== Instructions for the task ==
Only one stretch of the records below should be repeated. It starts with the line containing "A side view" and goes on through the line containing "The Retrospec Solana", exactly as written.

== Supplied information ==
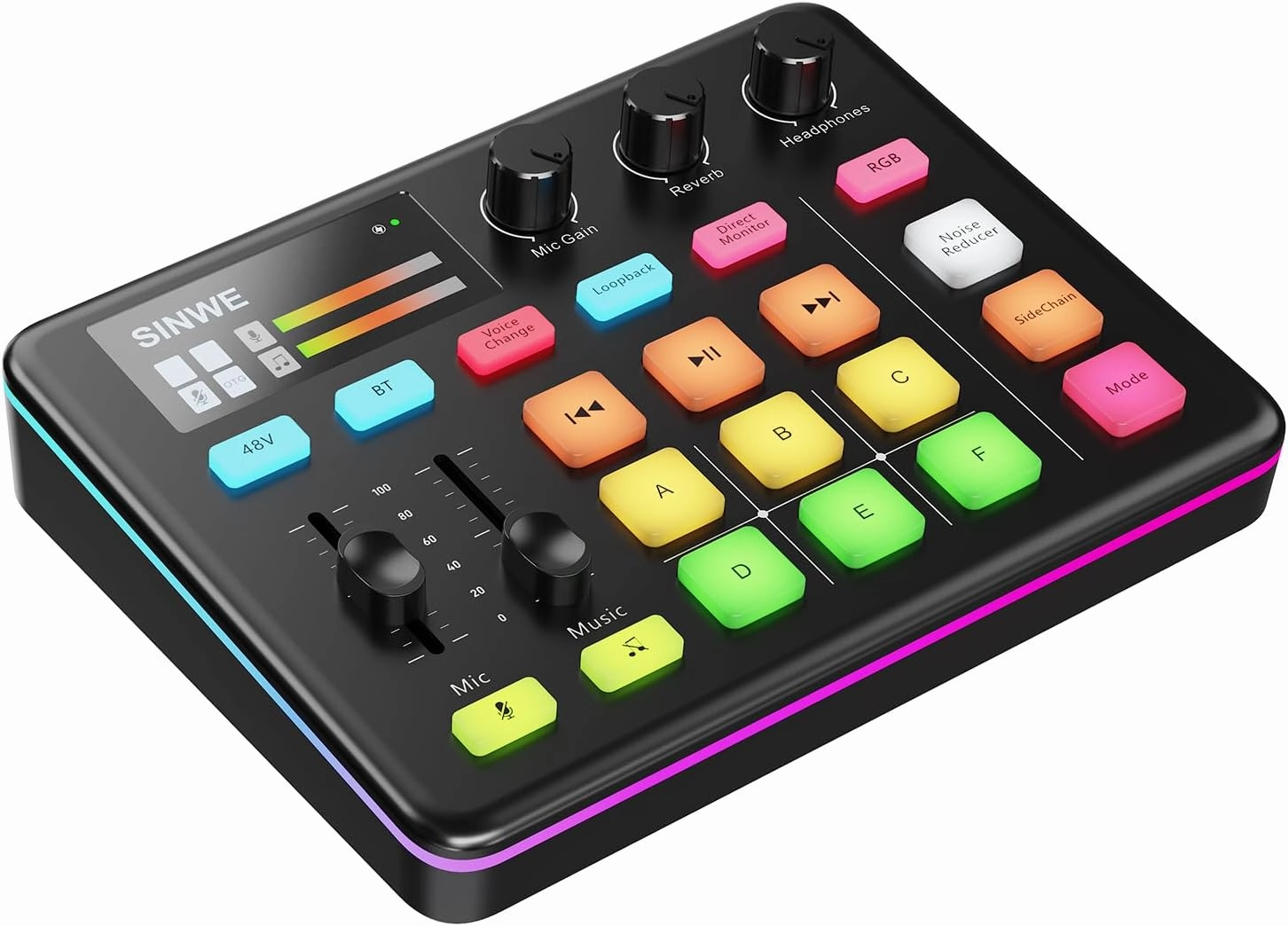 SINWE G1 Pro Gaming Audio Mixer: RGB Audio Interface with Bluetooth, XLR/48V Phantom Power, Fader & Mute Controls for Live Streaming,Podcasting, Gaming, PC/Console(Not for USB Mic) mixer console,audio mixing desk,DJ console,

==

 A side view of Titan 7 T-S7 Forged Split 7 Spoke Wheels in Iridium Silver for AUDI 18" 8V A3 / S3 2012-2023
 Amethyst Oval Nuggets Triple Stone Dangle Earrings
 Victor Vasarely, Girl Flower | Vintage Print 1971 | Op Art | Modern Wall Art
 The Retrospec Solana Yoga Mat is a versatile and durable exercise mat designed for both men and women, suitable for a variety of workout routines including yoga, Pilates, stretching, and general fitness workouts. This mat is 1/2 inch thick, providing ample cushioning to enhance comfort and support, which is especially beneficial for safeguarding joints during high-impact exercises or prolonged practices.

== Response box ==
 A side view of Titan 7 T-S7 Forged Split 7 Spoke Wheels in Iridium Silver for AUDI 18" 8V A3 / S3 2012-2023
 Amethyst Oval Nuggets Triple Stone Dangle Earrings
 Victor Vasarely, Girl Flower | Vintage Print 1971 | Op Art | Modern Wall Art
 The Retrospec Solana Yoga Mat is a versatile and durable exercise mat designed for both men and women, suitable for a variety of workout routines including yoga, Pilates, stretching, and general fitness workouts. This mat is 1/2 inch thick, providing ample cushioning to enhance comfort and support, which is especially beneficial for safeguarding joints during high-impact exercises or prolonged practices.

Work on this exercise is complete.